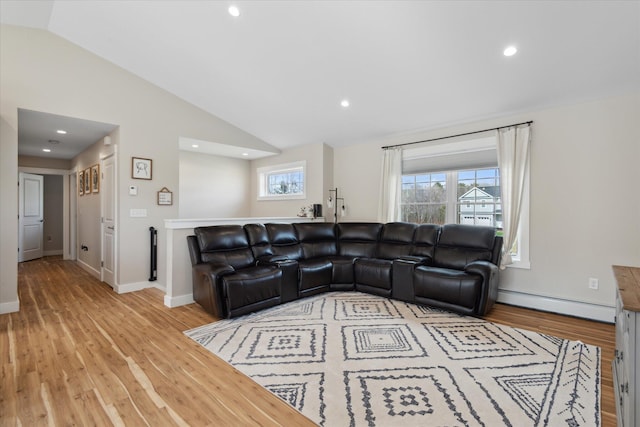 living area featuring baseboard heating, recessed lighting, baseboards, wood finished floors, and vaulted ceiling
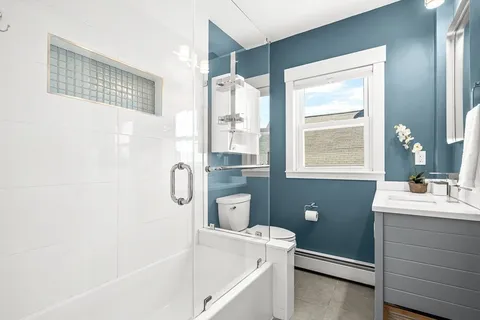 a bathroom with a bathtub sink and mirror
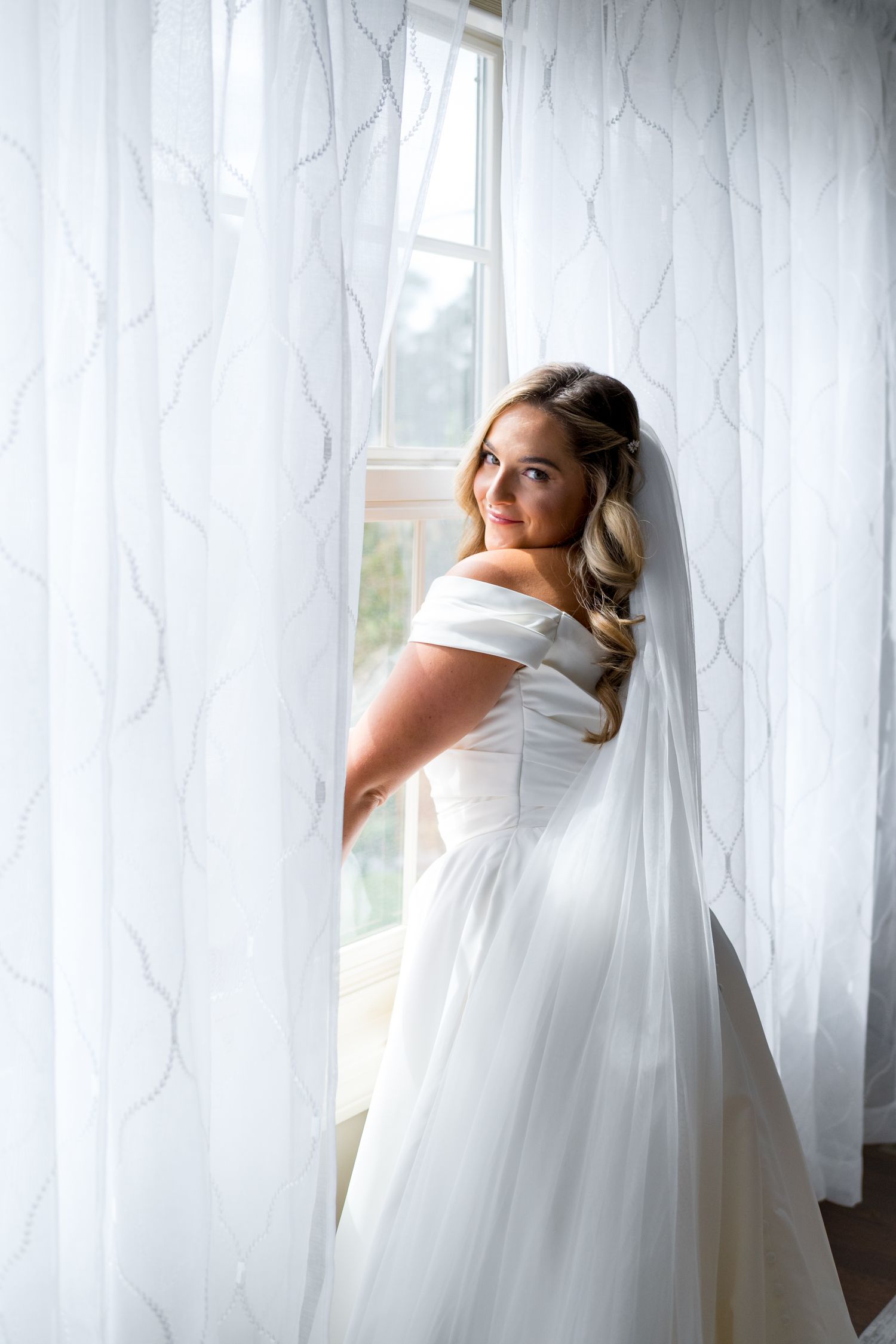 Bride in flowing white wedding dress and veil poses elegantly against sheer white curtains in natural window light.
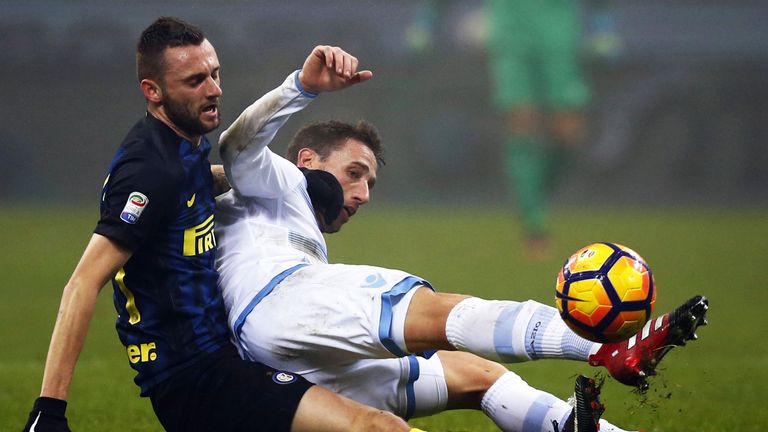 Inter Milan midfielder Marcelo Brozovic (left) fights for the ball with Lucas Biglia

Problem requirements:
An exact copy of the listing is needed, minus its pictures.

Result:
 living area featuring baseboard heating, recessed lighting, baseboards, wood finished floors, and vaulted ceiling
 a bathroom with a bathtub sink and mirror
 Bride in flowing white wedding dress and veil poses elegantly against sheer white curtains in natural window light.
 Inter Milan midfielder Marcelo Brozovic (left) fights for the ball with Lucas Biglia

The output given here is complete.